19 décembre 2012 Eveline Widmer-Schlumpf annonce que la Suisse doit envisager de passer à l’échange automatique des données
Ce jour-là, vous faites le bilan de votre année présidentielle et vous lâchez cette information spontanément. Comment cela s’est-il produit?
Je m’en souviens très bien, car j’ai ruiné les vacances de Noël de toute ma famille! Je n’ai pourtant fait que répondre sincèrement à la question d’un journaliste.
Mais vous deviez vous attendre à cette question! En Allemagne, le Bundesrat vient alors de rejeter l’accord Rubik, qui était une manière de préserver le secret bancaire tout en fiscalisant les avoirs des clients étrangers.
Je vous l’ai dit, j’ai parfois manqué de diplomatie dans ma carrière. Après le refus allemand, nous n’avions plus d’autre solution que d’envisager l’échange automatique des données. J’ai alors reçu une avalanche de critiques, parfois hypocrites. Nombreux sont les gens qui pensaient: «Elle a raison, mais elle ne doit pas dire cela si vite.»
N’est-ce pas en octobre 2008 déjà que la Suisse a commis l’erreur capitale de ne pas assister à une réunion de l’OCDE à Paris sur l’échange automatique d’informations?

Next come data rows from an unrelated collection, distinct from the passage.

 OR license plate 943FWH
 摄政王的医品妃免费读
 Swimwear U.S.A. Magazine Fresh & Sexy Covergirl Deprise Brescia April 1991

A cette époque, je pilotais le dossier du sauvetage d’UBS. Dans mon département, les responsables de ce dossier ont estimé qu’il n’était pas nécessaire d’y aller. Ce sont d’excellents collaborateurs auxquels j’ai toujours fait confiance. Aujourd’hui, cela n’a pas de sens de revenir sur cette question.
Avez-vous cru en la stratégie Rubik?
J’étais sceptique. Bien sûr, cette stratégie d’accords bilatéraux avait le mérite de l’efficacité. Mais lors de mes nombreux entretiens avec mon homologue allemand, Wolfgang Schäuble, j’ai eu l’impression que nous avions proposé ce modèle trop tardivement. Ce que voulaient les Allemands en 2012, c’était de la transparence, pas de l’efficacité. Lorsque le Bundesrat a rejeté l’accord, il était clair que nous devions changer de stratégie. Je suis réaliste. On ne peut pas nier la réalité.
Les banquiers ne vous ont pas portée dans leur cœur. Comment avez-vous vécu votre relation avec eux?
Le problème, c’est qu’ils n’ont pas parlé d’une seule voix. Certains – comme Pierin Vincenz (Banque Raiffeisen) – ont reconnu qu’il fallait trouver des solutions d’avenir, tandis que d’autres ont réclamé mon départ. Cela dit, j’ai apprécié l’engagement du président de l’Association suisse des banquiers (ASB), Patrick Odier.
Aujourd’hui, vous avez l’impression d’avoir fait le sale boulot?
Il est vrai que j’ai dû encaisser beaucoup de coups. Mais lorsque vous êtes convaincu que la voie choisie est la bonne, cela reste supportable. J’ai eu autour de moi une équipe très soudée.
Vous avez pris quelques décisions aussi visionnaires que controversées. Avez-vous ressenti la solitude du pouvoir dans les moments difficiles?
Jamais. J’ai toujours senti beaucoup de solidarité autour de moi, venant de tous les réseaux avec lesquels j’ai travaillé. Lorsque les médias ont parlé de ma solitude, je me suis demandé s’ils ne parlaient pas d’une autre personne. J’ai constamment reçu de nombreux courriels de soutien. Même les sœurs de plusieurs couvents m’ont écrit pour me dire qu’elles priaient pour moi!